MUMBAI (Reuters) - Indian government spending will support the economy during the pandemic, but private consumption will be needed to drive any economic recovery once the coronavirus threat eases, the central bank said on Tuesday.
FILE PHOTO: The Reserve Bank of India (RBI) seal is pictured on a gate outside the RBI headquarters in Mumbai, India, February 2, 2016. REUTERS/Danish Siddiqui/File Photo
“An assessment of aggregate demand during the year so far suggests that the shock to consumption is severe, and it will take quite some time to mend and regain the pre-COVID-19 momentum,” the Reserve Bank of India said in its annual report.
April-June quarter GDP data, set to be released on Aug. 31, is expected to show a contraction of 20%, according to a Reuters poll.
Private consumption will come back gradually with non-discretionary spending leading the way, until a durable increase in disposable incomes enables discretionary spending to catch up, the bank added.
“Upticks that became visible in May and June after the lockdown was eased ... appear to have lost strength,” the bank said.
This weakening was mainly due to reimposition or tougher imposition of lockdowns, suggesting the contraction in economic activity was likely to prolong into the second fiscal quarter, it added.
Key downside risks to growth are wider pandemic spread, a deviation of seasonal monsoon rains from the predicted normal volume and global financial market volatility, the bank said.
The RBI advised that fiscal incentives for industry ought to be re-aligned in favour of productive labour-intensive companies so as to generate employment.
It also highlighted the need for specialised infrastructure-focused lending companies to help drive funding of major infrastructure projects.

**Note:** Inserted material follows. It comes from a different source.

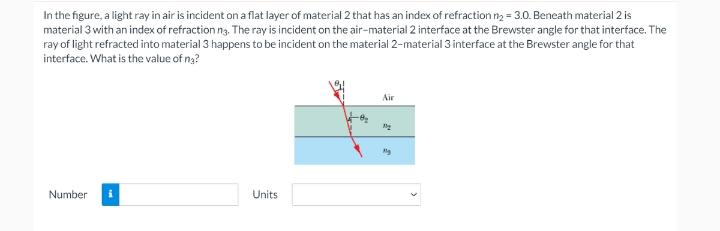 Solved In the figure, a light ray in air is incident on a | Chegg.com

It also called for the diversification of financing options for companies, saying capital markets and foreign direct investment offer opportunities to bring in investors with a longer-term view, as also more durable capital.
The RBI said the banking sector needs to be freed of risk aversion, which is impeding the flow of credit to productive sectors and undermining the role of banks in the economy.
Despite a reduction in banks’ bad loans as of March 2020, the system’s resilience will be tested by the economic fallout of the pandemic, since measures to alleviate it masked the consequent build-up of stress in the system, the RBI said.
“Against this backdrop, a recapitalisation plan for public and private sector banks assumes critical importance,” it added.
In a separate report, the RBI had warned that banks’ bad loans could nearly double by the end of this fiscal year, while the capital adequacy ratio could fall to 11.8% in a severely stressed situation.
Data in the annual report showed frauds of 100,000 rupees and above at banks increased by 159% in terms of value in 2019/20, but the RBI said the date of occurrence of these was spread out over several previous years.
Total frauds stood at 1.86 trillion rupees in FY20 versus 715.43 billion rupees in FY19, data showed.
In the April-June quarter of 2020, however, frauds came down to 288.43 billion rupees in value versus 422.28 billion in the corresponding quarter in 2019.
The RBI’s own balance sheet increased 30.02% by June 30, it added.
The increase on the asset side was due to a rise in domestic and foreign investments, loans and gold while on the liability side it was due to the increase in notes issued, deposits and other liabilities, RBI said.